RAG vs. Fine Tuning: Understanding Key Differences


Large Language Models are one of the greatest technical breakthroughs of this decade. It is no surprise that the field of AI itself has started moving at breakneck speeds, too fast to keep up for even the most dedicated researchers. However, the most common terms associated with business applications for LLMs are Retrieval Augmented Generation (RAG) and fine-tuning. So what is the difference between the two, really?

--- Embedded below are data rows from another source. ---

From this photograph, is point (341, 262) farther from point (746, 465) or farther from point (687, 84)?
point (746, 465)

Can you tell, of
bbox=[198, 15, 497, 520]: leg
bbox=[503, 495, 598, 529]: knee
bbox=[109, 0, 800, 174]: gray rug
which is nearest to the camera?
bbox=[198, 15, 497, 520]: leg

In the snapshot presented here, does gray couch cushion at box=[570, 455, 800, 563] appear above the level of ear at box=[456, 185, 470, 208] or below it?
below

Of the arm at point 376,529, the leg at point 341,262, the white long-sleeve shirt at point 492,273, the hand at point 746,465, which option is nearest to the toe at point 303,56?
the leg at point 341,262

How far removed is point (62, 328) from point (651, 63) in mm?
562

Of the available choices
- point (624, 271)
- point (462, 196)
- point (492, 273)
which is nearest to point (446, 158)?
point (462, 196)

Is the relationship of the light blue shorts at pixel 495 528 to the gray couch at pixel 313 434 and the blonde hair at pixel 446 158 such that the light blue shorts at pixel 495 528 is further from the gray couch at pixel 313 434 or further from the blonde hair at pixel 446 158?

Let’s start with discussing how an LLM traditionally works, skip to this section if you’re already familiar with an LLMs inner workings.
Architecture
Mathematically, we can think of an LLM as a way to convert a set of words to another set of words. If you’ve taken any classes for higher engineering mathematics, you must have come across ‘transforms’ in linear algebra. This is similar. We take this set of input words (prompt) and break it down into smaller words that machines can understand (tokens, each approximately 4 letters long).

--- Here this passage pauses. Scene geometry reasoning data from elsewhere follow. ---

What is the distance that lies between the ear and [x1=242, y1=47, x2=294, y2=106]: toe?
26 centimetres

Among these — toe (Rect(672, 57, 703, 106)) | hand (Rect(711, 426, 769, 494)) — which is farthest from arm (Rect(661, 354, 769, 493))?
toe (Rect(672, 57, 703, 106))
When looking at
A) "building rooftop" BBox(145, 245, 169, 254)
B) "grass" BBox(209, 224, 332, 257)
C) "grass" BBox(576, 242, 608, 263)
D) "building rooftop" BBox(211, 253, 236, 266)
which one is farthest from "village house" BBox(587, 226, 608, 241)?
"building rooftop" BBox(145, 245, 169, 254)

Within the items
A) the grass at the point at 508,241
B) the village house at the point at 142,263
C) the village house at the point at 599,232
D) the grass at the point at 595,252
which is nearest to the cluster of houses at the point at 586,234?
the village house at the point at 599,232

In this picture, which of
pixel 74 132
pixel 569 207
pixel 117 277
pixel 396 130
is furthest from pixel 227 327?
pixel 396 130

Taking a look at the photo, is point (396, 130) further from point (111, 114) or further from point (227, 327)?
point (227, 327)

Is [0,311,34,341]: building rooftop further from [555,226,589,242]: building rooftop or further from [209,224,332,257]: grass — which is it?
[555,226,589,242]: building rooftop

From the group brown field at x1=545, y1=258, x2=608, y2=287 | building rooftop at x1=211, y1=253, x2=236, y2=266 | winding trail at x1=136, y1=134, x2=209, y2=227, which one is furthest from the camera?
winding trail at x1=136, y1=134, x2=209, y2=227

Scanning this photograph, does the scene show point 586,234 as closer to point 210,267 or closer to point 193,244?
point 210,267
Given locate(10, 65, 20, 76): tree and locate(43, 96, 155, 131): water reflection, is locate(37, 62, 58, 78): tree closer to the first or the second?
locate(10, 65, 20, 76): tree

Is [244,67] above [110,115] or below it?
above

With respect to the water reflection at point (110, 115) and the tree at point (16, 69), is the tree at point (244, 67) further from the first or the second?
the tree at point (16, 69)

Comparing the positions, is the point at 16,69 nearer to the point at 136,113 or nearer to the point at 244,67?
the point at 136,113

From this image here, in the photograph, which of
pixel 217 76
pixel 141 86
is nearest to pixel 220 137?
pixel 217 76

These are then parsed through the heart of the LLM, the transformer (remember transforms from linear algebra). The transformer is trained such that each word is represented as a vector (see here for what is a vector). This allows us to perform a lot of matrix mathematics on this vector, and mapping the result to a set of words, allowing us to predict the next token, hence giving the appearance of talking.

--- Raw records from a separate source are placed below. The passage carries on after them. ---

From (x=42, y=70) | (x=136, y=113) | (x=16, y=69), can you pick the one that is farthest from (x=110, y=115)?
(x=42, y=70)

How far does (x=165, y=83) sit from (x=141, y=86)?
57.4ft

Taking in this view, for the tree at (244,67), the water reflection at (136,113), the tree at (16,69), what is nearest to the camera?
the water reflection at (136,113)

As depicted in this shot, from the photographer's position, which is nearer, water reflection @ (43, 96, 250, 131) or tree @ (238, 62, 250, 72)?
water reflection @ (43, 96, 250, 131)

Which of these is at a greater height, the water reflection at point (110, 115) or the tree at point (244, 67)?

The aforementioned matrix maths involves the weights of the model. These are the layers of tensors (3D matrices) that are responsible for how the model behaves. The weights can be thought of defining the function that transforms an input (prompt) to an output (response). The “pre-training” part of the GPT is the process of finding the best weights (function).
Why bother with RAG or fine-tuning?
If you’ve ever asked any frontier LLM about recent news, they usually mention a cut-off date. These massive models are trained on vast datasets, which inherently limits their knowledge of recent events. A dataset for training is by necessity, slow moving. Day-to-day data cannot be incorporated and the training process is incredibly expensive and infeasible.
These models also may appear to be highly knowledgeable at the surface level, but attempting to go into any depth in one topic shows their cracks quite easily. These two approaches are ways to resolve the problem of knowledge and specificity
What is RAG?
Retrieval Augmented Generation, RAG for short, is a way to improve the knowledge of an LLM by providing it with some kind of information it may not have access to. It is in essence, a retriever, attached to the LLM. Upon a prompt by the user, a retriever function attempts to fetch the data that might be the most relevant to a user’s query and passes that to the LLM as context before formulating a final response. One of the simplest use cases of a RAG is to chat with textbooks, long research papers, or large corpuses of semi-structured/unstructured data.
However, a “chat-with-unstructured-data” RAG is incredibly simple. Let’s scale it up, let’s solve business problems with it. This is what I did at Proxima Mumbai, while building Torch. We had to solve for finding people from a database, purely with semantic search, while handling fast moving data as user’s signed up. RAG fits perfectly for this use case, as the incorporation of new data is hardly an issue.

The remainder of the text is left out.